Synthetic Residential Water Usage Generation via Diffusion Models

The Problem

One of the major bottlenecks in developing water disaggregation methods for flow trace analysis is the lack of publicly available data. Household water consumption data is highly sensitive information, making it extremely difficult for researchers to access real-world datasets required for analysis and method development.

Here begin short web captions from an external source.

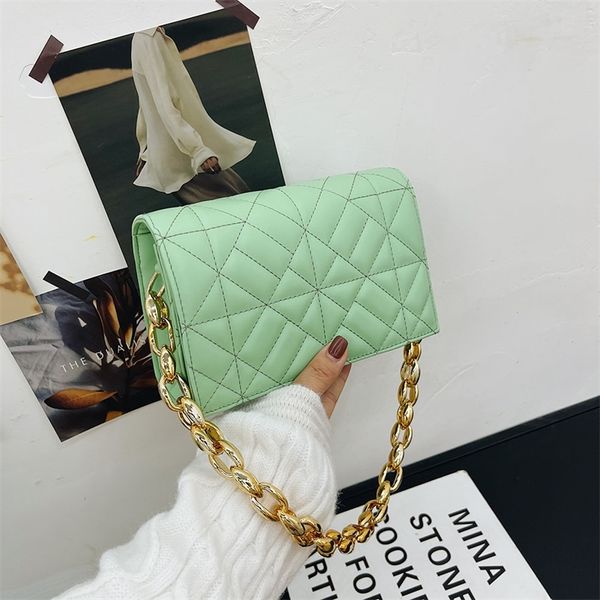 

luxury women's shoulder bags metal thick chain quilted designer purses and handbag women clutch bags ladies hand bag 220809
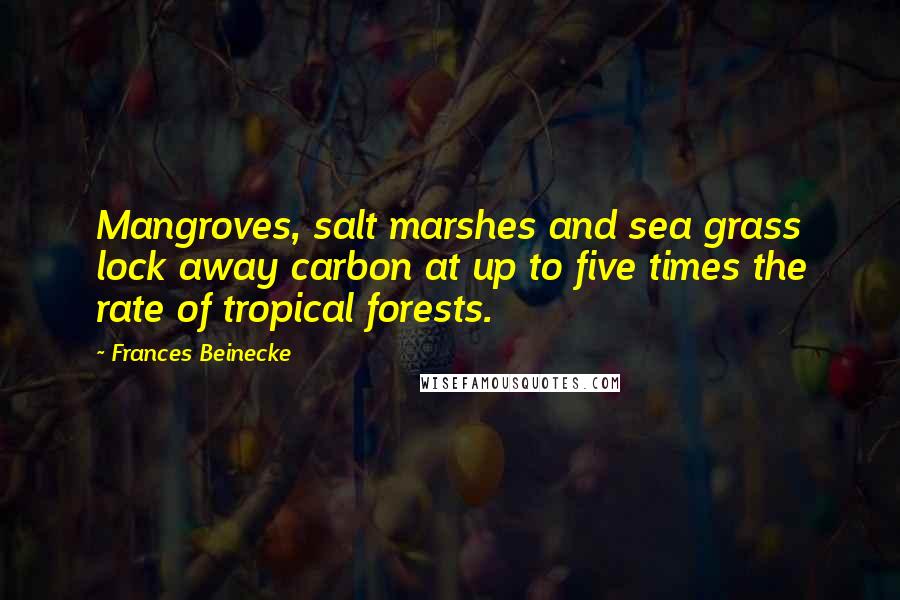 Frances Beinecke Quotes: Mangroves, salt marshes and sea grass lock away carbon at up to five times the rate of tropical forests.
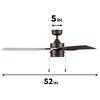 Portage Bay Madrona Indoor Home Ceiling Fan, LED Light Fixture with Quiet 3 Speed Reversible Motor and Pull Chain, 52 Inch, Bronze - 4 of 4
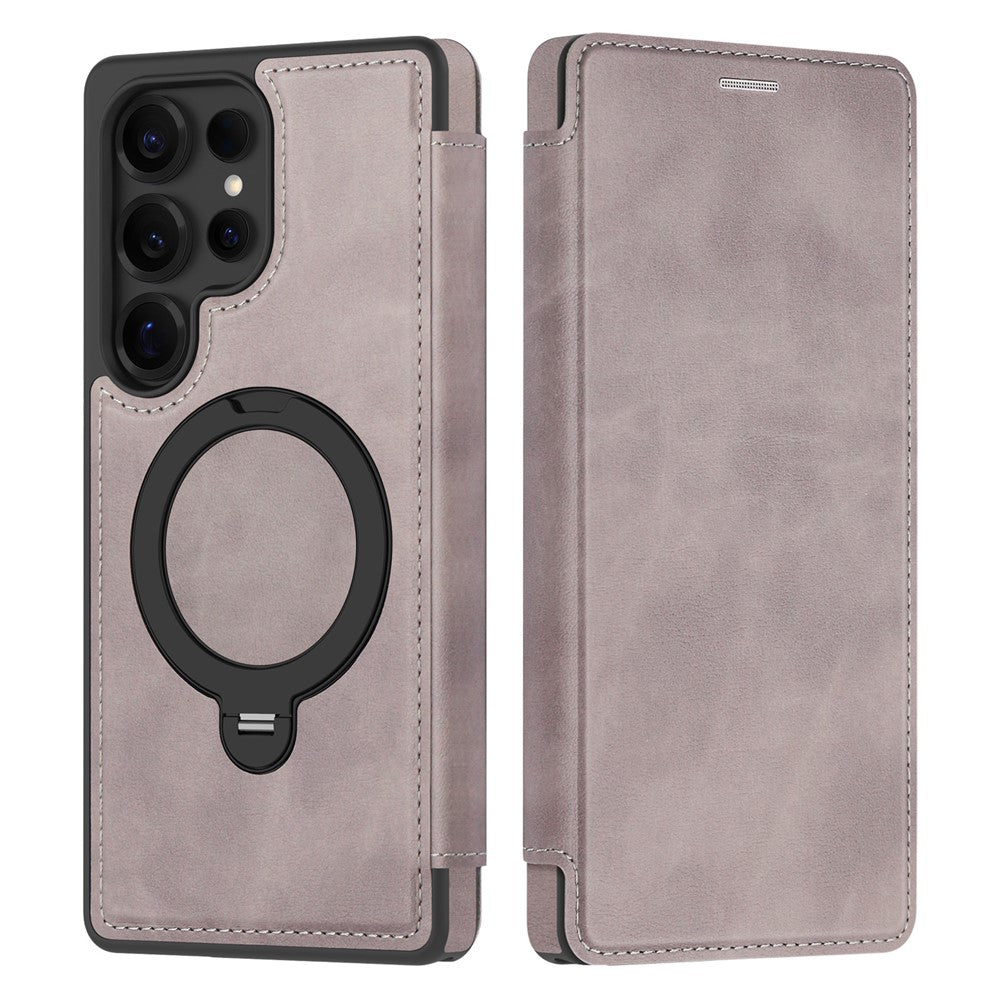For Samsung Galaxy S25 Ultra Case Compatible with MagSafe RFID Blocking Leather Wallet Cover with Rotating Ring Kickstand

There is a significant need for a robust tool capable of simulating realistic residential water usage data. Such a tool would allow researchers to freely develop, test, and benchmark methods for water end-use disaggregation without relying on restricted or private datasets.

The Goal

This repository serves as a proof-of-concept for using a 1D Conditional Diffusion Model to generate highly realistic, synthetic residential water usage data. By modeling the complex diurnal patterns and weather-driven irrigation events of individual households, we aim to provide a foundation for a generative tool that researchers can use for end-use disaggregation.

State of the Art

Currently, the state-of-the-art simulator for this domain is STREaM by Cominola et al. (2016). Our approach explores modern deep generative models (specifically, Denoising Diffusion Probabilistic Models) as a novel alternative to create similar simulation tools.

Data Privacy Notice

For security and privacy reasons, none of the real-world AMI data used to train the model is included in this repository. However, all of the code required to build the features, process the windows, train the model, and generate the synthetic samples is provided here.

License

This project is licensed under the Apache License 2.0. This means the code is fully open-source and includes an explicit patent grant, but it is provided "as is" without any warranties, and the creators cannot be held legally liable for how the software is used.

Model Architecture

This section details the complete end-to-end architecture of the 1D Conditional Diffusion Model designed for synthetic residential water usage generation. It covers the data processing pipeline, the dual-track mathematical solutions for zero-inflated data, the dual-stream network architecture, and the fundamental diffusion equations.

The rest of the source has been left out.